Il Consiglio di Stato torna ad occuparsi dell’annosa questione della compatibilità dell’assetto nazionale delle concessioni balneari con l’ordinamento comunitario e lo fa con una sentenza che decide un caso salentino, relativo al diniego opposto dal Comune di Porto Cesareo a un operatore che aveva chiesto il rilascio di una concessione demaniale marittima ad uso turistico ricreativo.
I Giudici di Palazzo Spada, confermando la decisione di primo grado, hanno rigettato il ricorso d’appello dell’imprenditore privato, giudicando del tutto corretto il motivo ostativo rappresentato dalla necessità del preventivo ricorso ad una gara pubblica per l’assegnazione di qualsivoglia concessione in ossequio alla specifica previsione della legge regionale pugliese in materia e ai principi rivenienti dalle direttive comunitarie e dalle sentenze della Corte di Giustizia, con ciò condividendo le argomentazioni del difensore del Comune, l’Avvocato Antonio Quinto.
In particolare, la decisione evidenzia la necessità delle gare pubbliche anche nel settore dei beni del demanio marittimo e riafferma la diretta applicazione dell’art. 12 della direttiva 2006/123/Ce e dell’art. 49 del Trattato, con conseguente invalidità di qualsiasi normativa nazionale che preveda proroghe automatiche in assenza di procedure selettive tra i potenziali candidati.
A tal fine il Consiglio di Stato ha richiamato la sentenza della Corte di Giustizia europea del 2016 che con efficacia interpretativa e carattere vincolante ha affermato: “l’art. 12 della dir. 2006/123/CE (c.d. Bolkenstein) osta ad una misura nazionale che preveda l’automatica proroga del titolo concessorio, in assenza di qualsiasi procedura selettiva di valutazione degli operatori economici offerenti”.

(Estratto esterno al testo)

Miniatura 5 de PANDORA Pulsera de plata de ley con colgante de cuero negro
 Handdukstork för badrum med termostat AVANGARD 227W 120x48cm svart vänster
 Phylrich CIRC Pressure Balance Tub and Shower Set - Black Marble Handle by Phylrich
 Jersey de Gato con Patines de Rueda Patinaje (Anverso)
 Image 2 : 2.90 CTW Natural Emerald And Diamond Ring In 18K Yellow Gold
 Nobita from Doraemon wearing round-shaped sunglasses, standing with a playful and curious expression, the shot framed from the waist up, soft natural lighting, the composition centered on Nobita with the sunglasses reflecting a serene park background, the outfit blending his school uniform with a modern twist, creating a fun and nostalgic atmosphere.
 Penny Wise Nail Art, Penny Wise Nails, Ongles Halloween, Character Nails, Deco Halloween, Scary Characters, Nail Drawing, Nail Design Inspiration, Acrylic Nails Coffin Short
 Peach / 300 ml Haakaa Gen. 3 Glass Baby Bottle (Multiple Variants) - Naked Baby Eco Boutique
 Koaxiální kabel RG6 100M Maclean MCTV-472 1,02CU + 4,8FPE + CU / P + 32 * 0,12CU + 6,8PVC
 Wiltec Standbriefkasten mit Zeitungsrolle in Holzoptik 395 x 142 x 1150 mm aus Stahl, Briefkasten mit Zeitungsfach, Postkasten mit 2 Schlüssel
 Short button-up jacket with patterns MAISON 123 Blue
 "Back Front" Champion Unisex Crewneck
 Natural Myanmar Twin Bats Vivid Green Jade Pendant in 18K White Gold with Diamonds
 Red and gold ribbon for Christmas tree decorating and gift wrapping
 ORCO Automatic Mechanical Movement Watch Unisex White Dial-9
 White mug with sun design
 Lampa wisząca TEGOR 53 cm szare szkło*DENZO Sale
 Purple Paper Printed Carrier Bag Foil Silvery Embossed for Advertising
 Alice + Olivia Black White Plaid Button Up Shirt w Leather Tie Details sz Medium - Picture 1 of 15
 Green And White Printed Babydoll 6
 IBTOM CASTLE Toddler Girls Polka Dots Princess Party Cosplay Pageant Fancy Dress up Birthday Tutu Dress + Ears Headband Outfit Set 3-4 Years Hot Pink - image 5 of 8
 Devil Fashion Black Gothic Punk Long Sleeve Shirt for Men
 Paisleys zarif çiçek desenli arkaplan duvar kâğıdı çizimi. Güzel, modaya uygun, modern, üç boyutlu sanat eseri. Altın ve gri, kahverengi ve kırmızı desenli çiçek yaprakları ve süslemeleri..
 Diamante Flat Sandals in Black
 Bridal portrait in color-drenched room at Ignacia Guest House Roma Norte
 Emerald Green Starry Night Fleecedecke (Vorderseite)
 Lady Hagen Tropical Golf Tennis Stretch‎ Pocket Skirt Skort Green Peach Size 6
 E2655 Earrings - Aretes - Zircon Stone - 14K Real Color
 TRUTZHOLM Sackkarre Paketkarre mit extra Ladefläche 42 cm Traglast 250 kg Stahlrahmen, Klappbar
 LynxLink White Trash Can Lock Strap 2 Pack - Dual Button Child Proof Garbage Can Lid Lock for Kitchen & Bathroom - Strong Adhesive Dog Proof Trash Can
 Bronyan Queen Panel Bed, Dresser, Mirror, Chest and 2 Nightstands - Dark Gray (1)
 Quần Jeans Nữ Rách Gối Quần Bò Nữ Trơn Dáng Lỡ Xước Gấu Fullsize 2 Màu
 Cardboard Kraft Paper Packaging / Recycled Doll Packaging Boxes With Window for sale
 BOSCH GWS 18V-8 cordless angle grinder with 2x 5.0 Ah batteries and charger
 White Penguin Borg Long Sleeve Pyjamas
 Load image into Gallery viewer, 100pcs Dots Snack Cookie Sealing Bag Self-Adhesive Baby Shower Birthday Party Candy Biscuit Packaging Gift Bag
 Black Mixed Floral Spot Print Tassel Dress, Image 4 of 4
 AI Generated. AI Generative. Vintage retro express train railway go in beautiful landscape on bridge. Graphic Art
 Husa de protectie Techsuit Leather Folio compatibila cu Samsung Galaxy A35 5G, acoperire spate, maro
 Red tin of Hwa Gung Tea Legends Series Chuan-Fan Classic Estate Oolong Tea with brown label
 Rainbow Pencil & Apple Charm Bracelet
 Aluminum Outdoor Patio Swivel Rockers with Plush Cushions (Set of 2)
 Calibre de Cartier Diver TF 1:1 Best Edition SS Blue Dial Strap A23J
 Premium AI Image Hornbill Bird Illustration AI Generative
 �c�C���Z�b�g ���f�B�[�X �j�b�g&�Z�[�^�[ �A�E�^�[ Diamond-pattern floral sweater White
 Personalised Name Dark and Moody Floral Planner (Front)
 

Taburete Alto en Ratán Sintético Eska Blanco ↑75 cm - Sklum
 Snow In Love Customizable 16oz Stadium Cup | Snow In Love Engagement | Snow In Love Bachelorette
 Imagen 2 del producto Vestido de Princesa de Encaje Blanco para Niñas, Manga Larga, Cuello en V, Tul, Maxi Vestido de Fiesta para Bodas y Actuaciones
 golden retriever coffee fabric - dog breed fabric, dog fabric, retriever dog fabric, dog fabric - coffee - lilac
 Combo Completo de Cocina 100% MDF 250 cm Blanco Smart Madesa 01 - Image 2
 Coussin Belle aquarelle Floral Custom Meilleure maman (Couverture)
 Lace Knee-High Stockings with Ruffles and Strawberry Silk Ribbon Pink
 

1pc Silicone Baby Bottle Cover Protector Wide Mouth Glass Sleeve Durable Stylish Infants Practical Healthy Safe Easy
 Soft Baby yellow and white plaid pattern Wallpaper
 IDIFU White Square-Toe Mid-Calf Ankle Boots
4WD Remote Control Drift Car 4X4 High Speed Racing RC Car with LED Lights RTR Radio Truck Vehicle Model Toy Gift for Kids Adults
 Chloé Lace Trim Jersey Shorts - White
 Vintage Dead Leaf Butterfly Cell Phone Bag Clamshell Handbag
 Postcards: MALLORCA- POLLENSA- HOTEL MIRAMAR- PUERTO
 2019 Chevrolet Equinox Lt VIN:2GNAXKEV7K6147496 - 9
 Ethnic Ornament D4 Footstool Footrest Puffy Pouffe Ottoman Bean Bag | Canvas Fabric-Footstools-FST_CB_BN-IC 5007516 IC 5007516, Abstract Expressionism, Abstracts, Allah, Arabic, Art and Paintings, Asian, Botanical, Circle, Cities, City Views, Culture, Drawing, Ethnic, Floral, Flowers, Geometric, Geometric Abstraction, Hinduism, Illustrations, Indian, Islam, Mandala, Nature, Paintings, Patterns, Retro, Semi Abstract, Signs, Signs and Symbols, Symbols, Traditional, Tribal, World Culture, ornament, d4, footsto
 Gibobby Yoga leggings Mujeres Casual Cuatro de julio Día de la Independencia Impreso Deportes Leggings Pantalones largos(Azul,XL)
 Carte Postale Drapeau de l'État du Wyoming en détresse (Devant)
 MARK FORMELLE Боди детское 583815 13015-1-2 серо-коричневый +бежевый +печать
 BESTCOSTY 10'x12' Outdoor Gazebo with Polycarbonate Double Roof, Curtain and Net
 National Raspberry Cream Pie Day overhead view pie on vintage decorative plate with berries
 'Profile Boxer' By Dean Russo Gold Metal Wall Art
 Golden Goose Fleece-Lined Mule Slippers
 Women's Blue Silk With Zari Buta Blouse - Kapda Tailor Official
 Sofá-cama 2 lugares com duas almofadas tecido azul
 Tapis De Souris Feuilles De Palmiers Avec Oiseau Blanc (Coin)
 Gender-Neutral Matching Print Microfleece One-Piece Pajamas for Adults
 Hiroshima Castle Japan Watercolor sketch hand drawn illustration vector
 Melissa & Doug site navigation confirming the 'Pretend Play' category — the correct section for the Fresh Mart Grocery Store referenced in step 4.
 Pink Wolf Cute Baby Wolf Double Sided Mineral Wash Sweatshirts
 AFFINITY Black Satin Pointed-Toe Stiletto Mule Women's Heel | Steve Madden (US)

“Il principio affermato dalla Sez. IV del Consiglio di Stato – ha commentato il legale leccese – assume una particolare valenza perché evidenzia l’applicabilità delle direttive europee in materia di concorrenza sia al rilascio delle nuove concessioni sia alle proroghe delle concessioni in essere, dichiarando espressamente che in tali fattispecie tutte le norme nazionali o regionale di segno contrario sono affette da invalidità. È in tale prospettiva che si pone, quindi, la loro disapplicazione per contrasto col diritto europeo. Principio, questo, reiteratamente sottolineato dalla Corte Costituzionale, dal Consiglio di Stato e dalla Cassazione penale”.